Your assignment:
Your task is to transcribe the entries below exactly, from their first line down to the line containing "Lightweight Packable Hooded", and to stop there.

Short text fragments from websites
______

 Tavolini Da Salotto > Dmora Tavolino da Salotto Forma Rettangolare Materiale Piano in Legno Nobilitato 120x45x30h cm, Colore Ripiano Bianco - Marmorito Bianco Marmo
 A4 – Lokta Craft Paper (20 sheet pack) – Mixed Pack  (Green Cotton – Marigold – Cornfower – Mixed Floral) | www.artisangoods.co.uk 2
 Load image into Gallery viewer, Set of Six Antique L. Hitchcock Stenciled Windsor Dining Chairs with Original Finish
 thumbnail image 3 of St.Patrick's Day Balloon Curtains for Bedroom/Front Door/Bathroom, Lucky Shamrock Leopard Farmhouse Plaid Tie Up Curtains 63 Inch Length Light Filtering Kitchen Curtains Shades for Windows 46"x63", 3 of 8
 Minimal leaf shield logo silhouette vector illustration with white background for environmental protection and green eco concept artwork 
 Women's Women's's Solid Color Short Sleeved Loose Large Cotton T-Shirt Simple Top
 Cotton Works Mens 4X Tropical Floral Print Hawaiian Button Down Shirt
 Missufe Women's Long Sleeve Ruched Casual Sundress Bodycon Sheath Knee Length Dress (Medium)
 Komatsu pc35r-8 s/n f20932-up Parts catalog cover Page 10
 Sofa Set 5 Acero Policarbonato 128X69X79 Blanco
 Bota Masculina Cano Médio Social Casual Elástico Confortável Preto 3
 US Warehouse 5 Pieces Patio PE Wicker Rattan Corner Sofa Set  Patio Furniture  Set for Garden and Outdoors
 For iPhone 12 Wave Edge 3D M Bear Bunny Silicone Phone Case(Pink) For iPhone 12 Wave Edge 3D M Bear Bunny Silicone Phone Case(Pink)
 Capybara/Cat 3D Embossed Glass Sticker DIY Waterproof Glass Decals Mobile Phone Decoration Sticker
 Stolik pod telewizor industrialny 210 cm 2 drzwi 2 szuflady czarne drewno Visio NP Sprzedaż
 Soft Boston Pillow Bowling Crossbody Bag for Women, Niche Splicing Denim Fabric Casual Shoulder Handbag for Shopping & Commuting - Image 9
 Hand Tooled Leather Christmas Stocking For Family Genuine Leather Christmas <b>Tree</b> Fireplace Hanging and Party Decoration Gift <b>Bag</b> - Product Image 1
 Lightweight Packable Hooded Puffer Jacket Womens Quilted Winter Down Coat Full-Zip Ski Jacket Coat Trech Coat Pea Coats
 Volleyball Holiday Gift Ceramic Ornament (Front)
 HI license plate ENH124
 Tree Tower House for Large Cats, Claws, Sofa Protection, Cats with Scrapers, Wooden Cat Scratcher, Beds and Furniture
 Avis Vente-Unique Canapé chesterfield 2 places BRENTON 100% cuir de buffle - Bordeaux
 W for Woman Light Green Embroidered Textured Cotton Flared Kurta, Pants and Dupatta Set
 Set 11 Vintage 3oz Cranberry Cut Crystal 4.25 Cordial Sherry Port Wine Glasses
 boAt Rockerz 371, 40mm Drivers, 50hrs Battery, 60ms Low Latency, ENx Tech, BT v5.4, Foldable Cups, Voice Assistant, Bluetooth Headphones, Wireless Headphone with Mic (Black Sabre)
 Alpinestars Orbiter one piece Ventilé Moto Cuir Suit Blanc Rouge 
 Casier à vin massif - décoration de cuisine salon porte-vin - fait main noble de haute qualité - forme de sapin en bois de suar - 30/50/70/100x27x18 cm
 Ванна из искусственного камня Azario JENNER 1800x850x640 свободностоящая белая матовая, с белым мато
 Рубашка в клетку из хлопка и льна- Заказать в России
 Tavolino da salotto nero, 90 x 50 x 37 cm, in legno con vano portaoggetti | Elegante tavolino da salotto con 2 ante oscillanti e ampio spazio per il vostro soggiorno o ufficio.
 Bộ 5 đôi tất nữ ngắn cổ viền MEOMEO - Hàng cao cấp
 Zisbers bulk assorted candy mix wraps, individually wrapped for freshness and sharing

______

Solution for this task:
 Tavolini Da Salotto > Dmora Tavolino da Salotto Forma Rettangolare Materiale Piano in Legno Nobilitato 120x45x30h cm, Colore Ripiano Bianco - Marmorito Bianco Marmo
 A4 – Lokta Craft Paper (20 sheet pack) – Mixed Pack  (Green Cotton – Marigold – Cornfower – Mixed Floral) | www.artisangoods.co.uk 2
 Load image into Gallery viewer, Set of Six Antique L. Hitchcock Stenciled Windsor Dining Chairs with Original Finish
 thumbnail image 3 of St.Patrick's Day Balloon Curtains for Bedroom/Front Door/Bathroom, Lucky Shamrock Leopard Farmhouse Plaid Tie Up Curtains 63 Inch Length Light Filtering Kitchen Curtains Shades for Windows 46"x63", 3 of 8
 Minimal leaf shield logo silhouette vector illustration with white background for environmental protection and green eco concept artwork 
 Women's Women's's Solid Color Short Sleeved Loose Large Cotton T-Shirt Simple Top
 Cotton Works Mens 4X Tropical Floral Print Hawaiian Button Down Shirt
 Missufe Women's Long Sleeve Ruched Casual Sundress Bodycon Sheath Knee Length Dress (Medium)
 Komatsu pc35r-8 s/n f20932-up Parts catalog cover Page 10
 Sofa Set 5 Acero Policarbonato 128X69X79 Blanco
 Bota Masculina Cano Médio Social Casual Elástico Confortável Preto 3
 US Warehouse 5 Pieces Patio PE Wicker Rattan Corner Sofa Set  Patio Furniture  Set for Garden and Outdoors
 For iPhone 12 Wave Edge 3D M Bear Bunny Silicone Phone Case(Pink) For iPhone 12 Wave Edge 3D M Bear Bunny Silicone Phone Case(Pink)
 Capybara/Cat 3D Embossed Glass Sticker DIY Waterproof Glass Decals Mobile Phone Decoration Sticker
 Stolik pod telewizor industrialny 210 cm 2 drzwi 2 szuflady czarne drewno Visio NP Sprzedaż
 Soft Boston Pillow Bowling Crossbody Bag for Women, Niche Splicing Denim Fabric Casual Shoulder Handbag for Shopping & Commuting - Image 9
 Hand Tooled Leather Christmas Stocking For Family Genuine Leather Christmas <b>Tree</b> Fireplace Hanging and Party Decoration Gift <b>Bag</b> - Product Image 1
 Lightweight Packable Hooded Puffer Jacket Womens Quilted Winter Down Coat Full-Zip Ski Jacket Coat Trech Coat Pea Coats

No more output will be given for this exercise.